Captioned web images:

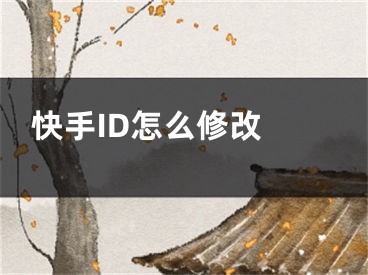 快手ID怎么修改 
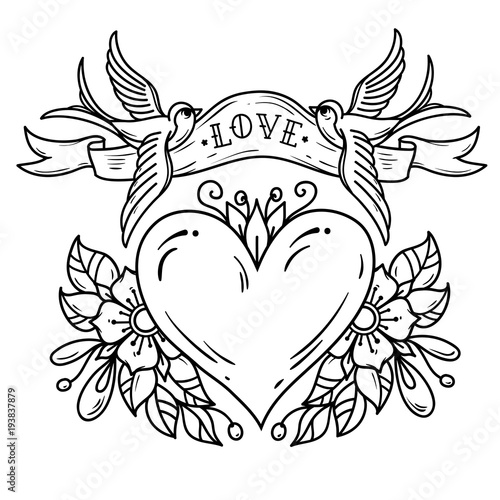 Two bluebirds carry ribbon with lettering LOVE over heart. Red heart decorated with flowers. Black and white tattoo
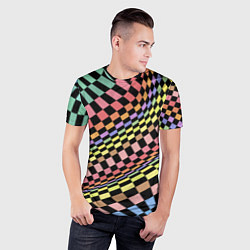 Футболка спортивная мужская Colorful avant-garde chess pattern - fashion, цвет: 3D-принт — фото 2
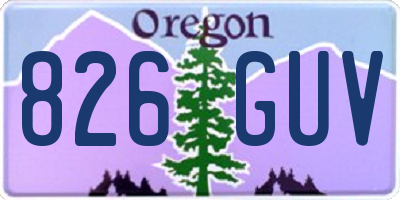 OR license plate 826GUV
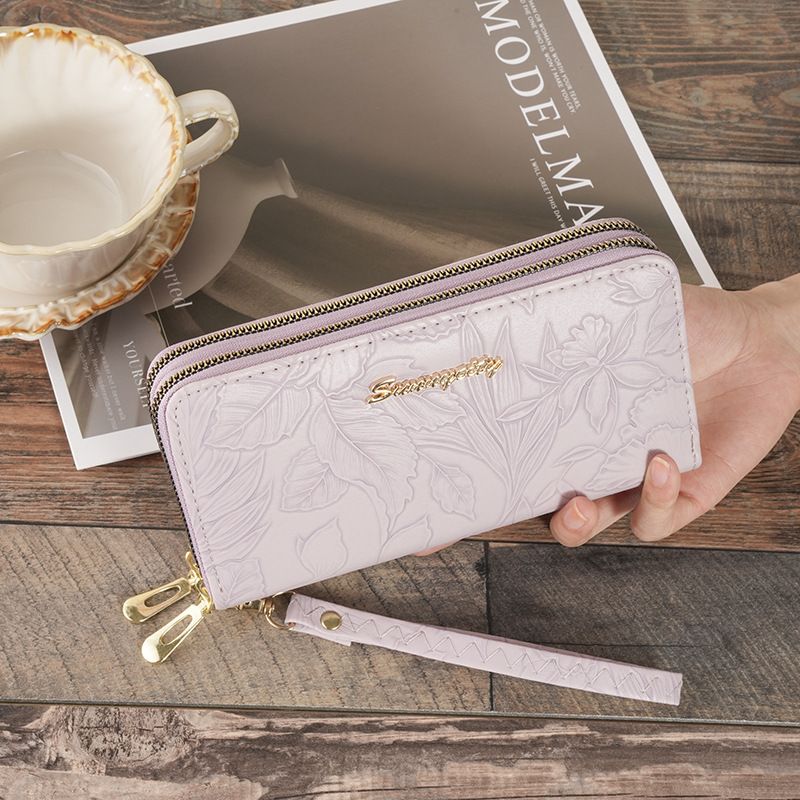 Wallet Card Cases Double Pull Wallet For Women, Embossed Elegant Fashion High End Coin Purse With Multiple Card Slots, Double Layer Clutch Bag_viptrois.com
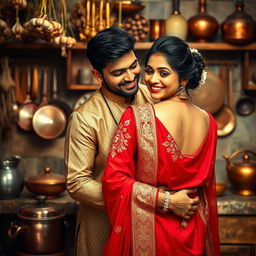 An intimate scene in an Indian kitchen setting with a handsome Desi Indian man and a beautiful Indian woman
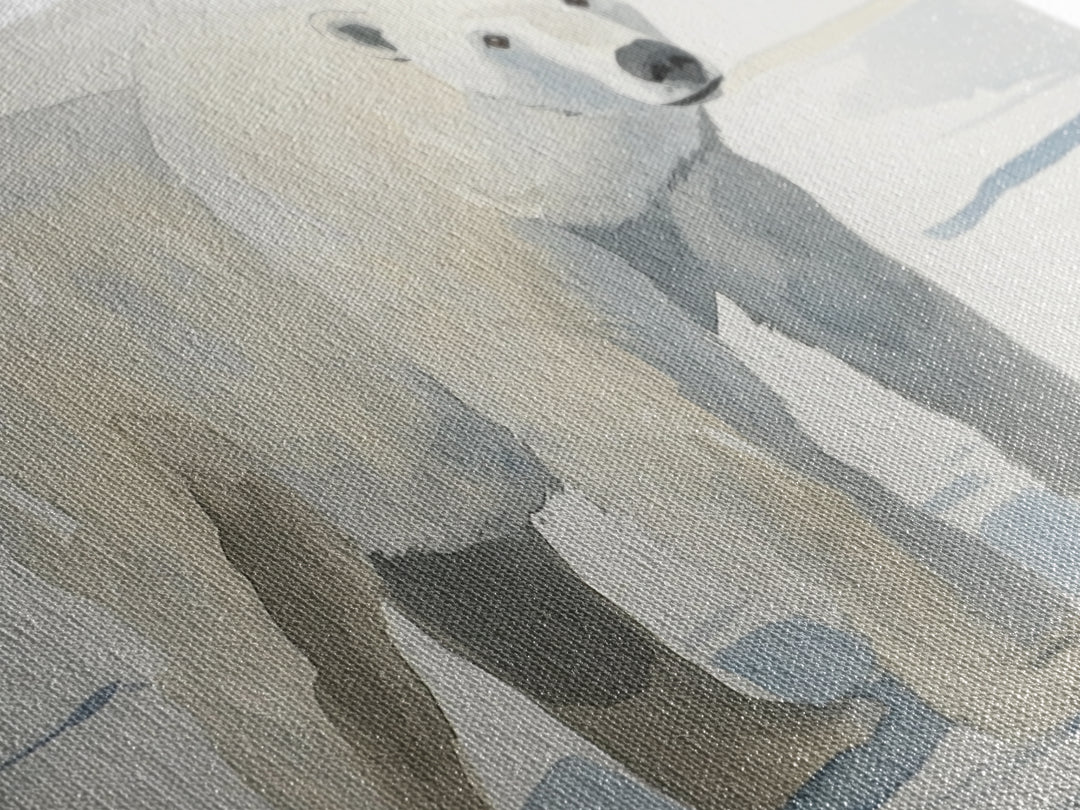 Polar Bear On Arctic Ice Wall Art, Watercolor Wildlife Canvas Print, Coastal Nursery Decor, Animal Lover Gift, Kids Room Art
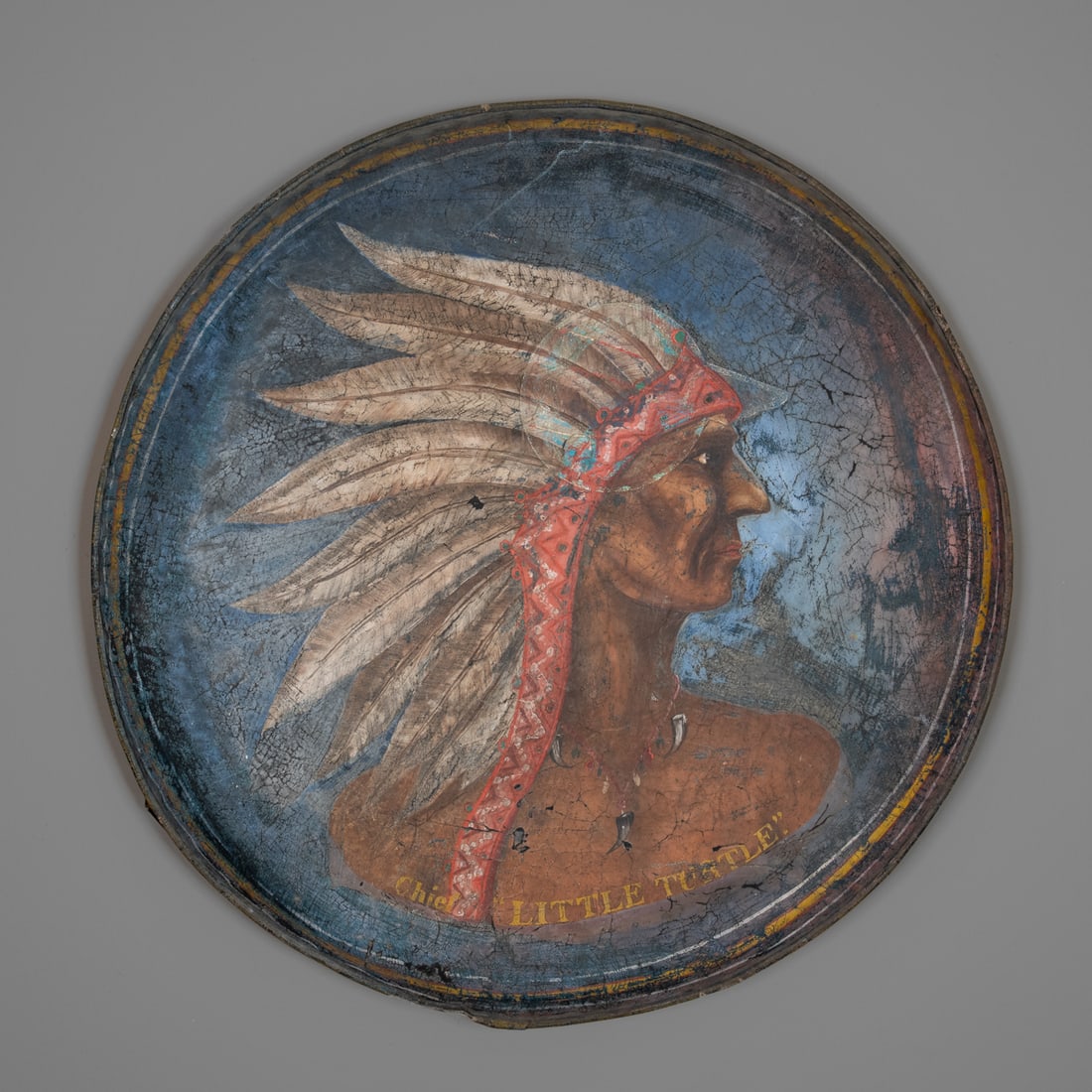 A Folk Art painted Indian canvas automobile tire cover (1 of 2)
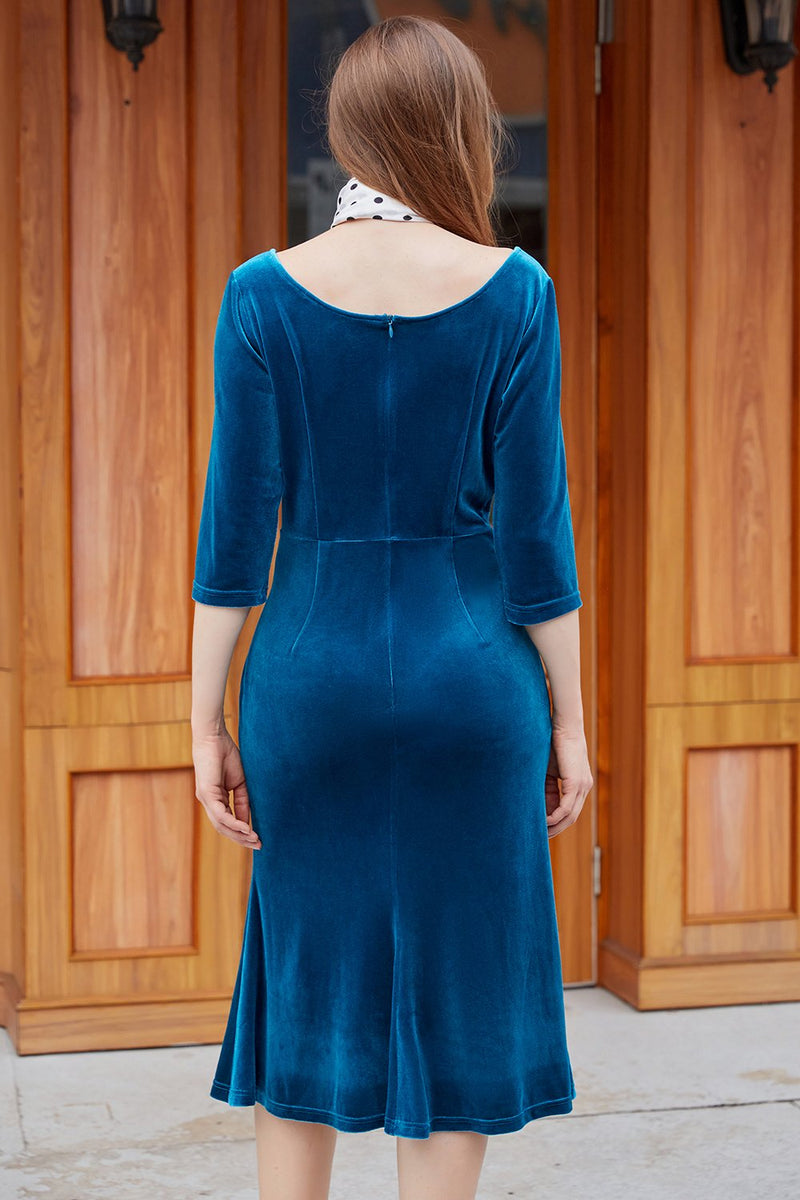 Charger l&#39;image dans la galerie, Royal Blue Velvet Robe Formelle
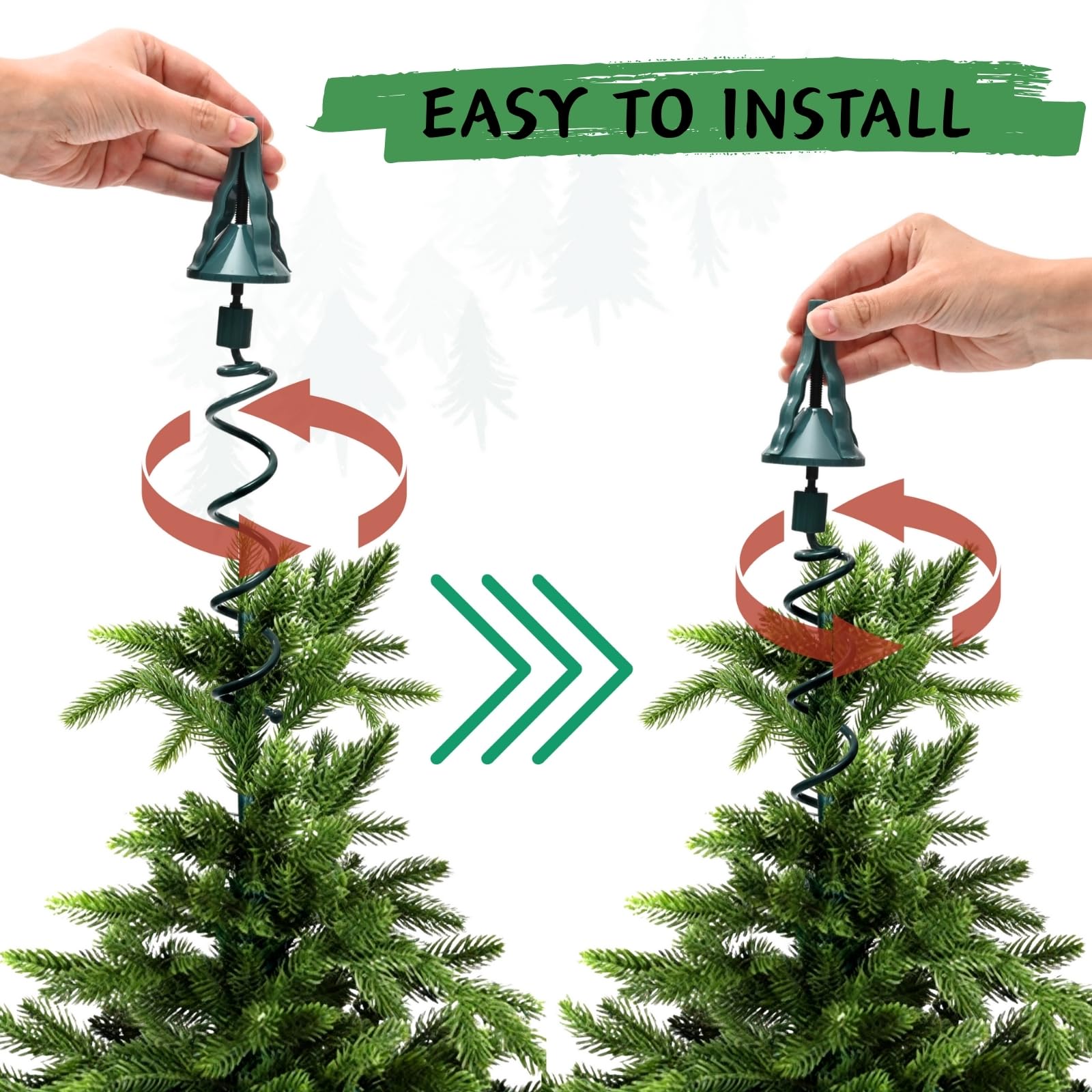 Christmas Tree Topper Holder - Twist-On Universal Christmas Tree Topper Support - Stabilizer with Adjustable Accessory - Fits Al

> _About this exercise_:
Reproduce these records exactly, but not the pictures.

> _Result below_:
 快手ID怎么修改 
 Two bluebirds carry ribbon with lettering LOVE over heart. Red heart decorated with flowers. Black and white tattoo
 Футболка спортивная мужская Colorful avant-garde chess pattern - fashion, цвет: 3D-принт — фото 2
 OR license plate 826GUV
 Wallet Card Cases Double Pull Wallet For Women, Embossed Elegant Fashion High End Coin Purse With Multiple Card Slots, Double Layer Clutch Bag_viptrois.com
 An intimate scene in an Indian kitchen setting with a handsome Desi Indian man and a beautiful Indian woman
 Polar Bear On Arctic Ice Wall Art, Watercolor Wildlife Canvas Print, Coastal Nursery Decor, Animal Lover Gift, Kids Room Art
 A Folk Art painted Indian canvas automobile tire cover (1 of 2)
 Charger l&#39;image dans la galerie, Royal Blue Velvet Robe Formelle
 Christmas Tree Topper Holder - Twist-On Universal Christmas Tree Topper Support - Stabilizer with Adjustable Accessory - Fits Al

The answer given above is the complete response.